Content Warning: The book referenced in this guide contains death, war, poverty, gambling, profanity, and racial discussion.

Plot Summary

The book’s title is a reference to Dante’s Divine Comedy, which describes Mount Purgatory with seven tiers that correspond to sins that should be purged on the spiritual journey toward the top of the mountain, called the earthly paradise. The journey is an allegory for the Christian life. The structure of Merton’s book also refers to the Divine Comedy, with its threefold division of Inferno, Purgatorio, and Paradiso.

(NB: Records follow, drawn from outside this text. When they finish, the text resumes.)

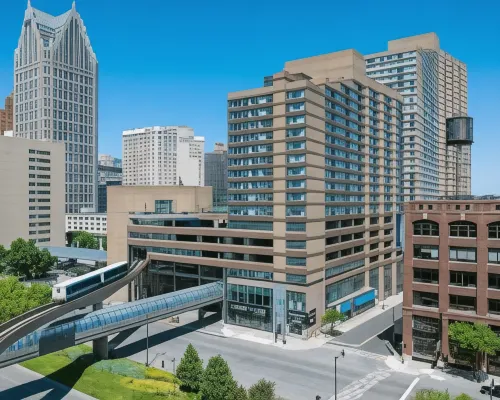 Courtyard Detroit Downtown Hotels near GM World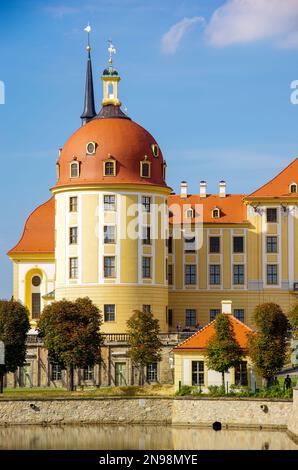 Blick vom Süden des Moritzburger Schlosses in der Nähe von Dresden, Sachsen, Deutschland, Europa. Stockfoto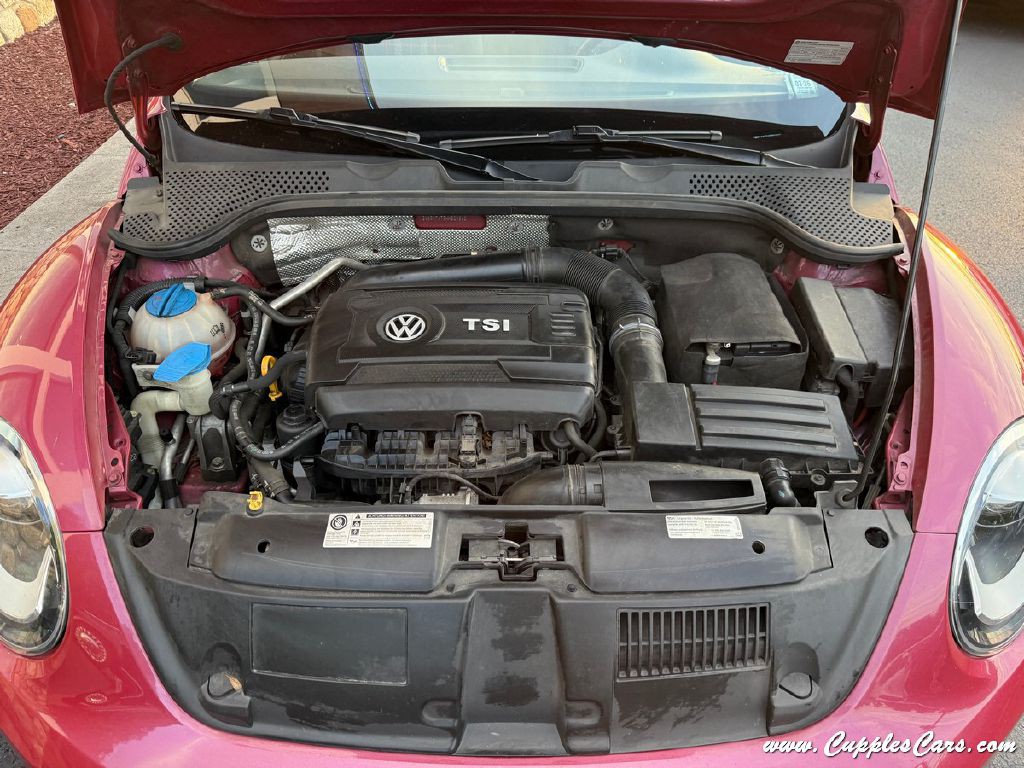 2017 Volkswagen Beetle Image 19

The book follows Merton’s life chronologically, but with much retrospective commentary. In Part 1, Merton discusses his family, their attitudes toward life, and the place where he grew up. Although he was born in Prades, France, in 1915, he spent much of his childhood in New York and England. His mother died of stomach cancer when he was a child. His father, after taking him on many travels, died of a brain tumor while Merton was in college. In his youth, as Merton tells it, he is aimless and sponge-like, absorbing everything without being able to fully comprehend it. This spiritual adriftness is reflected outwardly in his poor health; he nearly dies of blood poisoning due to a tooth infection. That this hellish experience wasn’t a wake-up call to Merton shows just how far he has to go to find God.

In Part 2, he grapples with himself and his life choices and sees his journey as akin to ascending a mountain. He becomes a Catholic and begins his slow ascent toward his ultimate spiritual goals, although he still makes some poor life choices along the way. Merton is quick to learn that, despite his awakening and rebirth, he has a long way to go spiritually. It isn’t about doing good deeds for the sake of being good but about living in accordance with and proximity to God. Becoming a Catholic as an adult means that he is like a newborn in the religious realm, but he doesn’t diminish the significance of this phase. In fact, he notes how important those first steps are, and like all first steps, he faces a few stumbles but learns from them and keeps on walking.

In Part 3, Merton commits to becoming a monk, although he is denied from the priesthood. Eventually, he finds his way to the Abbey of Gethsemani, a Trappist monastery in Kentucky. He fears that his past will hold him back, but the Abbey welcomes him and his devotion to God. There, he is encouraged to write because they believe he can help many souls. Merton represents his entrance into the monastic life as an analog to entering an earthly paradise, which maintains the analogy between his book and the Divine Comedy.

Merton’s autobiography describes his spiritual journey from a secular childhood in France to a devout Catholic and Trappist monk in Kentucky. It is important to note that Merton is only 31 at the end of the autobiography, and turned 33 in the year it was published, so it isn’t a complete portrait of his life, let alone his spiritual life. Merton’s book was widely praised for its intelligence and sincerity upon its publication, and Time magazine counted it as one of the best-selling nonfiction books of 1949.